Franke erklärte, so solle verhindert werden, dass die CDU wieder zwei Direktmandate in Stuttgart bekommt. Im Stuttgarter Süden hatte Özdemir vor vier Jahren knapp das Direktmandat verfehlt. CDU-Mann Stefan Kaufmann bekam die meisten Erststimmen und ist nun fest entschlossen, das Direktmandat zu verteidigen. Die frühere SPD-Landeschefin Vogt lag 2009 abgeschlagen auf dem dritten Platz. Wie das Rennen zwischen Kaufmann und Özdemir jetzt ausgeht, gilt als offen. Während Özdemir von seinem Bekanntheitsgrad profitieren kann, setzt Amtsinhaber Kaufmann auf seinen Heimvorteil in Stuttgart.

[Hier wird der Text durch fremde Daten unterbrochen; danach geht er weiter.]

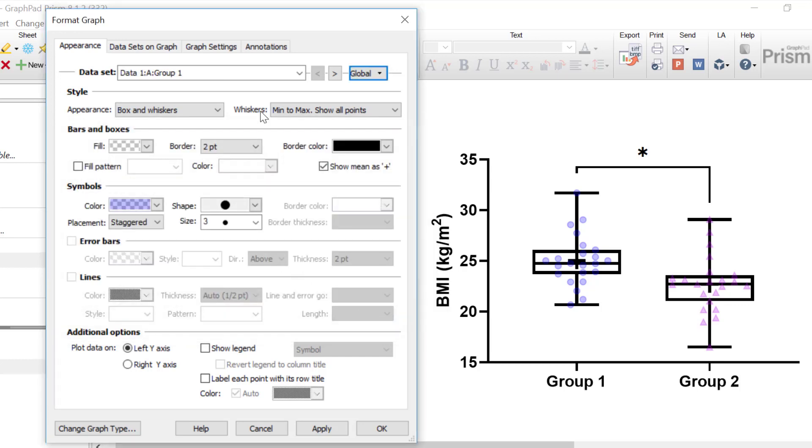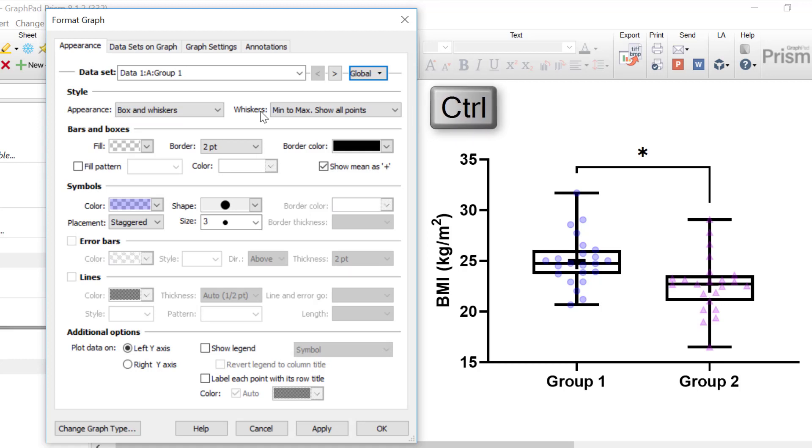Finally, a quick and easy shortcut to changing the global settings is to press and hold down the Ctrl key on your keyboard while the Format Graph window is open. Notice that the globe icon has appeared.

Perc sagte der Nachrichtenagentur dpa, es werde keine aktiven Erststimmenkampagne für die jeweils andere Partei geben. Wer aber unsicher sei, wem er seine Erststimme geben solle, werde darauf hingewiesen, dass Özdemir im Stuttgarter Süden beziehungsweise Schäfstoß im Stuttgarter Norden die besseren Chancen habe. Diese Erklärung kommt überraschend, weil es bislang hieß, SPD und Grüne verzichteten auf gegenseitige Wahlempfehlungen im Südwesten.
Der Politikwissenschaftler Reinhold Weber von der Landeszentrale für politische Bildung kritisierte die Absprache zwischen Grünen und SPD. Dem Sender SWR4, Radio Stuttgart, sagte er, dies sei eine Bevormundung der selbstständigen Wähler und kein Gewinn für die Demokratie. „Der Wähler ist intelligent genug, selbst zu entscheiden, und er vergibt seine Stimme so, wie er taktisch vorgehen möchte und welche Koalition er möglicherweise wählt“. Nach seiner Einschätzung geht die Absprache zulasten der SPD. Vermutlich seien mehr SPD-Wähler bereit, für einen Grünen-Kandidaten zu stimmen als umgekehrt. Dies sei ein weiterer Schritt zur Demontierung der SPD im Südwesten.